2022: the year of the sportswash.
A city without snow and a state in the desert. Obvious places, really, to hold the Winter Olympics and football World Cup if you’re the IOC and FIFA. Welcome to 2022, the year of the sportswash.
The principal outdoor venues for Beijing 2022 are – on a good day – 90 minutes and two and a half hours’ drive respectively from the Forbidden City. The alpine skiing in Zhangshanying will rely almost entirely on artificial snow. But the IOC has no truck with those who believe winter sports should be held where snowfall is plentiful. After all, its 2014 Games were held in the subtropical seaside resort of Sochi.
Qatar has a population of 2.9 million, only a little over 300,000 of them native Qataris. Just as the Chinese have constructed snow resorts to welcome the world, so Qatar has built six stadiums for the World Cup and refurbished two others. Just one is fully demountable, although others will be trimmed in size to leave the tiny desert state – whose national team has never played in a World Cup – with seven world-class venues ranging in capacity from 20,000 to 40,000.
The snow in Beijing will look fantastic, as will the pitches in Qatar. Doubtless the quality of the sport will match the surroundings, although the November schedule for the football raises important questions about player welfare, as well as the knock-on effect on national club competitions halted for a swift run at the most important tournament in the game.
The prospect of compelling sport shouldn’t silence the key questions: why Beijing, and why Qatar? It’s easy to blame the IOC and FIFA hierarchies who steered the bidding processes, but their national members ultimately voted for the two hosts.
What does China need of a Winter Games? Certainly not international kudos, nor the rumblings of discontent about human rights and diplomatic boycotts of the event. Most likely, its leaders are of the ‘bread and circuses’ persuasion, banking on creating goodwill among a huge population largely oblivious to noises off. The IOC, it seems, needs China – an unreliable, but potentially hugely lucrative source of commercial revenue.
It’s much harder to see what FIFA gets from Qatar. Allegations of corruption in the bidding process in 2011 have nipped at the heels of Qatar 2022 ever since. Certainly, FIFA has no need of this venue in its ambitions for global sporting domination. And it’s taking a big risk around a late autumn timing and attendances.

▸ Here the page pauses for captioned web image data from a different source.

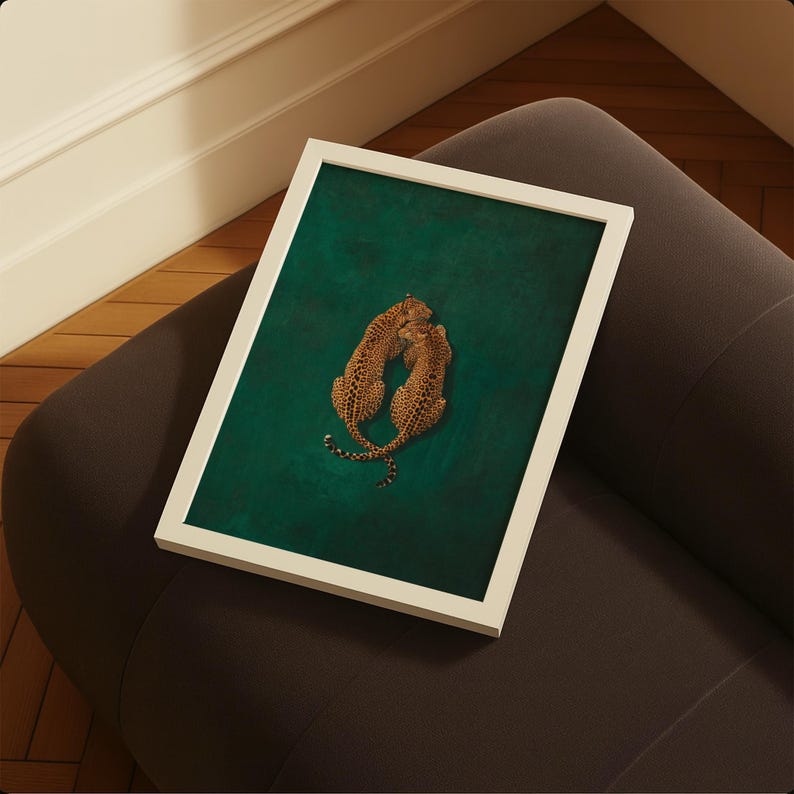 Estampado Leopard Love en verde esmeralda: Póster minimalista de animales de la jungla, arte mural de grandes felinos. imagen 9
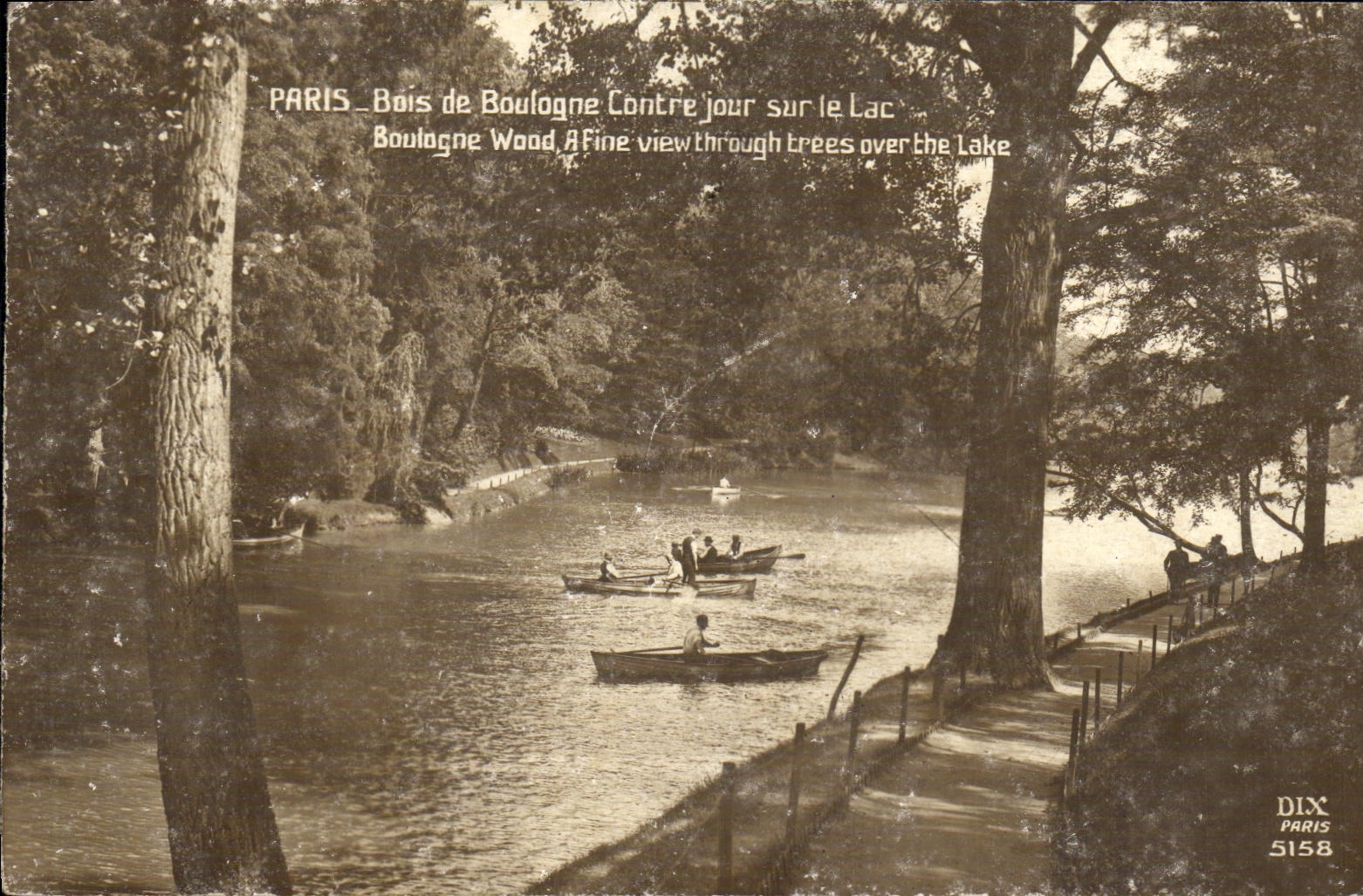 CPA Paris Bois de Boulogne Contre jour sur le lac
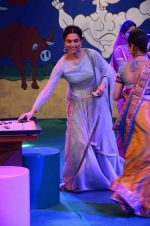Deepika Padukone on the sets of Taarak Mehta Ka Ooltah Chashmah on 1st May 2015 (13)_5544ca0ae3e40.JPG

I led London’s bid to host the 2017 World Athletics Champs against competition from Doha, Qatar, back in 2011, just after the state’s World Cup bid success. It was tough and at times unpleasant, with unsubstantiated rumours of brown envelopes changing hands on the eve of the vote. My business lesson: never underestimate your opponent in a contest in which coming second is as good as coming last.
At the Beijing 2015 World Athletics Championships, I watched from my hotel window coaches filling a massive parking lot each morning with Chinese bussed into the Birds Nest Stadium. I’ve no way of knowing whether they’d paid – or been paid – to attend the athletics. No doubt the Beijing 2022 organising committee has all their names and addresses should they be needed next month.

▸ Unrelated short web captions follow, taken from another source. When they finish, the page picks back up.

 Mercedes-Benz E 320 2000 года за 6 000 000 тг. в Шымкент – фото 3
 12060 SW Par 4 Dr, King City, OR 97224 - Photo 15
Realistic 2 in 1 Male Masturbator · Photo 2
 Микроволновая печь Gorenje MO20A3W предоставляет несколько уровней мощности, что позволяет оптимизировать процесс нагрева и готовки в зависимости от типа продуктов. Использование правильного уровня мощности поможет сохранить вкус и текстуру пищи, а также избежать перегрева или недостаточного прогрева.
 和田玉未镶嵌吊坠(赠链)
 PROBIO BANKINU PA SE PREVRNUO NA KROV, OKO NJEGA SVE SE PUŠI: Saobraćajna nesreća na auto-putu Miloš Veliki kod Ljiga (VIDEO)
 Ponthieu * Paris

Four years later I sat in a sparsely populated Al Khalifa Stadium for the Doha 2019 WAC. The venue only filled on the night that local hero Mutaz Barshim won the high jump – and even then it created the uncomfortable sight of a crowd almost devoid of local women and girls.
Athletics, though, isn’t football, so there has to be a fair chance that overseas fans and seat-filling with non-Qatari local workers will create a solid enough backdrop of people for the global TV audience.
The simplest question to answer is what Qatar gets from hosting the FIFA World Cup. An exit at the group stages for the home team no doubt, but four weeks of glittering imagery worldwide to wash over concerns about the immigrant lives that the state has been built on.